» What you will do
For each line of the data below, copy it if it holds the word "Scale".

(Brief descriptive captions)

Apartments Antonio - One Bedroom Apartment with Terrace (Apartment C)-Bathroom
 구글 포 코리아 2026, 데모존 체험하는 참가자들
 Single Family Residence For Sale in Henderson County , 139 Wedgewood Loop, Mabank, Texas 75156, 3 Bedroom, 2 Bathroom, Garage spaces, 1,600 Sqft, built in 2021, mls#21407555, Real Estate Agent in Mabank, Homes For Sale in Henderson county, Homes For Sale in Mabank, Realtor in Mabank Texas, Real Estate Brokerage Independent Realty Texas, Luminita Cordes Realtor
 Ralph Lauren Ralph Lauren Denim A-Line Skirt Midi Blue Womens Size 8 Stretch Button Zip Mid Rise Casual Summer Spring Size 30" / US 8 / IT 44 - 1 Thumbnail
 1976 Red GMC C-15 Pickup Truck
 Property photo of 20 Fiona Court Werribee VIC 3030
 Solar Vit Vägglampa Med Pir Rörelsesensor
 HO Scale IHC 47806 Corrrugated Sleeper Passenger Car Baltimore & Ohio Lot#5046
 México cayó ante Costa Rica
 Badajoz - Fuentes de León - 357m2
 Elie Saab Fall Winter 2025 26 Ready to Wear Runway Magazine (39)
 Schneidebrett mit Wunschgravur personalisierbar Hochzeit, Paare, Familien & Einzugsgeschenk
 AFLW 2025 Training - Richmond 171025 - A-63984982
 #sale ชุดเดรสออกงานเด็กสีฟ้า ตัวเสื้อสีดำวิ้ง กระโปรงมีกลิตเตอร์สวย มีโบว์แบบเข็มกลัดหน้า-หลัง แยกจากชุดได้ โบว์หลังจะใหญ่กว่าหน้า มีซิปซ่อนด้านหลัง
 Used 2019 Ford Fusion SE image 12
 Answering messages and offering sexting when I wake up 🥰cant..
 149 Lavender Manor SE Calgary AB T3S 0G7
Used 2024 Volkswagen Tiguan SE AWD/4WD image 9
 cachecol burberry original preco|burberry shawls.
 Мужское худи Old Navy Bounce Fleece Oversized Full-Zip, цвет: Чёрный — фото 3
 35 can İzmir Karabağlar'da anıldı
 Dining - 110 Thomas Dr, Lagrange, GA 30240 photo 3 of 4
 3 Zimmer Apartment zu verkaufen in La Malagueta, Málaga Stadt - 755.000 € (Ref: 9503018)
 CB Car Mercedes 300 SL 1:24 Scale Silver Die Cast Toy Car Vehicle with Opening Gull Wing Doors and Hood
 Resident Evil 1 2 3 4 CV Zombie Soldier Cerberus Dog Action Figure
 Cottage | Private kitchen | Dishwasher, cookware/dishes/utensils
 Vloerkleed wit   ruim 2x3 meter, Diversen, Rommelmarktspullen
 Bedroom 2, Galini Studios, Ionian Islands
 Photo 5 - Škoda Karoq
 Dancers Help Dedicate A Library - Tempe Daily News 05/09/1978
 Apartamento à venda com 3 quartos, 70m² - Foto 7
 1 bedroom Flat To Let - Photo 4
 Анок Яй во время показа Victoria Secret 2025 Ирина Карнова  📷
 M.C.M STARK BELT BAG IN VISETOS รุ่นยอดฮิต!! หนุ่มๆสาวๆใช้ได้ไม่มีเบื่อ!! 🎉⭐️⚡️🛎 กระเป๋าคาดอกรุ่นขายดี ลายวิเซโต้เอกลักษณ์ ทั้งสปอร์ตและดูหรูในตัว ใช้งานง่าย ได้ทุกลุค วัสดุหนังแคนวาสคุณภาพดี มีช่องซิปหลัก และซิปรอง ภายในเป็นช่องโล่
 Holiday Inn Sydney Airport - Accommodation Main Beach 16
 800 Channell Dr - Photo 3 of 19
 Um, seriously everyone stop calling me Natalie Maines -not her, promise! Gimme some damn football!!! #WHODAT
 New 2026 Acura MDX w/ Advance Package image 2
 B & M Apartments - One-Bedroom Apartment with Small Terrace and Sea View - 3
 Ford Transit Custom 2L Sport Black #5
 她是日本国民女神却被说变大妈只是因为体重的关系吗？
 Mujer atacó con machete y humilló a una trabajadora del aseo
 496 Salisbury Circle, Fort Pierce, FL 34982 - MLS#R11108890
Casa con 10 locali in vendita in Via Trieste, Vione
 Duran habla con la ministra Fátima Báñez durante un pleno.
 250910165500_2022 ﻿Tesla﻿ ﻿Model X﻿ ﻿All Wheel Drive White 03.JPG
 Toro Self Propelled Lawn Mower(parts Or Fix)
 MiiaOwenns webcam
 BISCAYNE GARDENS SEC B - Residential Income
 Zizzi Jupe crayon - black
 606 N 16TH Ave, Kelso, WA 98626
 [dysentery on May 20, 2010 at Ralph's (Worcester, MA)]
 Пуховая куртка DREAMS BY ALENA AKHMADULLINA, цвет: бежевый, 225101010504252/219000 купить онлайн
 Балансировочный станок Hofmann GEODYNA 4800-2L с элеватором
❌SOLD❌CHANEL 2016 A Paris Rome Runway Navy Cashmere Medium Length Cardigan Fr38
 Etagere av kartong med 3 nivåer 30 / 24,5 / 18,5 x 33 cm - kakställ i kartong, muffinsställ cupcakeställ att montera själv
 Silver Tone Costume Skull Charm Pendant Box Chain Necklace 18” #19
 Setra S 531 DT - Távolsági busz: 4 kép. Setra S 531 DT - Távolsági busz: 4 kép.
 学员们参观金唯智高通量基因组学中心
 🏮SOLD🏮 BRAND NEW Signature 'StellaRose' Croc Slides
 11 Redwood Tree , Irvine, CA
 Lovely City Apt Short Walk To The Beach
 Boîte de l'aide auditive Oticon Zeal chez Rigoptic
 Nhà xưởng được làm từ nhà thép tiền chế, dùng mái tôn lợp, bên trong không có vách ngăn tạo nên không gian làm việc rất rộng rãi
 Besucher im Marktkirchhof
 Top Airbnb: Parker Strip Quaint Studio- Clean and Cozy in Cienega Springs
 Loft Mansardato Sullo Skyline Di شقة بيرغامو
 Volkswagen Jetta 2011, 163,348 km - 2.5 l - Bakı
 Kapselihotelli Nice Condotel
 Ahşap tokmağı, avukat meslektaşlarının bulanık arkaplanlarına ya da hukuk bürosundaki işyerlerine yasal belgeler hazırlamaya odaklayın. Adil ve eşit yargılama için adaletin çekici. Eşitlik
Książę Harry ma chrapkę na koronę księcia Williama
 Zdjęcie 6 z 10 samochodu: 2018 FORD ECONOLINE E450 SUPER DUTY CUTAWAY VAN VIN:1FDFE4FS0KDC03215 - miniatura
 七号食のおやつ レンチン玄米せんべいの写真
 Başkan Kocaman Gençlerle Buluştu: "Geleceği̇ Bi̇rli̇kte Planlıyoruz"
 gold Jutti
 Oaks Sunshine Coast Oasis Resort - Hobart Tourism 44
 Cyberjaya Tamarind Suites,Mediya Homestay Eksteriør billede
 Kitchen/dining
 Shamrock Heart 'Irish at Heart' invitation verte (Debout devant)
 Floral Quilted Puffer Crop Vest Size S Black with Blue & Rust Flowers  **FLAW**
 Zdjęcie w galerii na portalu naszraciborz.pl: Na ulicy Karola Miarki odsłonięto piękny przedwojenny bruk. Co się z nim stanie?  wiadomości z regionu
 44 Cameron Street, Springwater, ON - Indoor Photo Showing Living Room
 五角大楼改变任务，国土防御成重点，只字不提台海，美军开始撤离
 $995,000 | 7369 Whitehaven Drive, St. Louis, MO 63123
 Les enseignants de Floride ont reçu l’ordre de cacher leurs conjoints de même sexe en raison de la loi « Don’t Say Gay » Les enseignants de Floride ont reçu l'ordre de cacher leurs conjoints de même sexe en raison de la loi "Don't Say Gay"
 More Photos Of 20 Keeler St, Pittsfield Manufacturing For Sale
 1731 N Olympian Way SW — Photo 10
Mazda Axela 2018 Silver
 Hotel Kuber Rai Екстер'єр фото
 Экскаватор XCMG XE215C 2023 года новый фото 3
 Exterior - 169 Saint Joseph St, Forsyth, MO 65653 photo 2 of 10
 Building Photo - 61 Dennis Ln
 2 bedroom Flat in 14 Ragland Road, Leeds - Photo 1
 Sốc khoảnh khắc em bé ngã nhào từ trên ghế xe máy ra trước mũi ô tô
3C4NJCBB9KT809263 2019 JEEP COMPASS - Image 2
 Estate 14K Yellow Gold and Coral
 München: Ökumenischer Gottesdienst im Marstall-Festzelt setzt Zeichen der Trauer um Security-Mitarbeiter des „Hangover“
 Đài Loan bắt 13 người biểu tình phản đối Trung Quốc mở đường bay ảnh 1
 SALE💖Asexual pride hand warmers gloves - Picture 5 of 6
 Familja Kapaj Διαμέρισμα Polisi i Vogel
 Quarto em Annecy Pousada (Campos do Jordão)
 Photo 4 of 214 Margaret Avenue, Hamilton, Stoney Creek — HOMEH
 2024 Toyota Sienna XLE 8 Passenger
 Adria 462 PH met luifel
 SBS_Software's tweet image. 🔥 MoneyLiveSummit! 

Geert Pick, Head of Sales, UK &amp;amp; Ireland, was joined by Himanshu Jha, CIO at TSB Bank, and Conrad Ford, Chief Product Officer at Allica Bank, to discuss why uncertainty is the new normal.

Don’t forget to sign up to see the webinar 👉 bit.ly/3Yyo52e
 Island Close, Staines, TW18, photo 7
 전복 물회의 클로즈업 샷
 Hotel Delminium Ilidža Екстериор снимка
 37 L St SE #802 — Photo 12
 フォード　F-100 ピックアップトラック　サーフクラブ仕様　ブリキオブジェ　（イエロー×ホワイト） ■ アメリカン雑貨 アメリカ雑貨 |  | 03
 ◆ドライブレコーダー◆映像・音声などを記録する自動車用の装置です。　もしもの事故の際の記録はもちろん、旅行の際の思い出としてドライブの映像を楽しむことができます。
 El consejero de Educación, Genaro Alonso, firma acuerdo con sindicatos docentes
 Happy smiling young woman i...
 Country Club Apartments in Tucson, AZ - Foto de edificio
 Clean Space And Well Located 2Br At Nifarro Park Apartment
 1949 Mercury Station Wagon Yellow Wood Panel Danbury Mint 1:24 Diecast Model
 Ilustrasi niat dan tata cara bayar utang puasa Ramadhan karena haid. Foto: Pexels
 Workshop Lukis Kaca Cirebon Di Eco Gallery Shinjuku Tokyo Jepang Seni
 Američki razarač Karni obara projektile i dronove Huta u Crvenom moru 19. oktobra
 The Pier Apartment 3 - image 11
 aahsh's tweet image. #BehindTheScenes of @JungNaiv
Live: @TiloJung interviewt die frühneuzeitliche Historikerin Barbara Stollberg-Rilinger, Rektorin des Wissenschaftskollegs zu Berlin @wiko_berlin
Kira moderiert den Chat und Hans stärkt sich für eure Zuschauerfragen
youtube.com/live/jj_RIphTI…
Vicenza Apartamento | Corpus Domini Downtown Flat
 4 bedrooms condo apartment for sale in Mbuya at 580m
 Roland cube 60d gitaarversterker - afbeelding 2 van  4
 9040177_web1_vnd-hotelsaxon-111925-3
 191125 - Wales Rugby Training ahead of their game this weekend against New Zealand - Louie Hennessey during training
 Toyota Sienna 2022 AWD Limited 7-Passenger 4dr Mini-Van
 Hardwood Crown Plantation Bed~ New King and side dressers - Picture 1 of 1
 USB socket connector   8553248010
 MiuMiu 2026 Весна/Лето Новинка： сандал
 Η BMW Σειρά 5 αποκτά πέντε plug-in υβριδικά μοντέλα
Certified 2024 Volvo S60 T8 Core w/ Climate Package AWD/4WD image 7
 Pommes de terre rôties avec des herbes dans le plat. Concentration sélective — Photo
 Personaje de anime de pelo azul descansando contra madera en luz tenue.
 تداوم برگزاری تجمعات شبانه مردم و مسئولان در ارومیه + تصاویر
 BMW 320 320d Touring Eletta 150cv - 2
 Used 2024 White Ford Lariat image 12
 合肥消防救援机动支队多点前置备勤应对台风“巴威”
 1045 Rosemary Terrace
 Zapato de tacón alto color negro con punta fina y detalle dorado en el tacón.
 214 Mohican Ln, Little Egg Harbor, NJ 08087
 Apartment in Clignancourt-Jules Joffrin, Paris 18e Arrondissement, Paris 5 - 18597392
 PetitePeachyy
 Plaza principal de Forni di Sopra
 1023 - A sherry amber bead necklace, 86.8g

» Problem solution
 HO Scale IHC 47806 Corrrugated Sleeper Passenger Car Baltimore & Ohio Lot#5046
 CB Car Mercedes 300 SL 1:24 Scale Silver Die Cast Toy Car Vehicle with Opening Gull Wing Doors and Hood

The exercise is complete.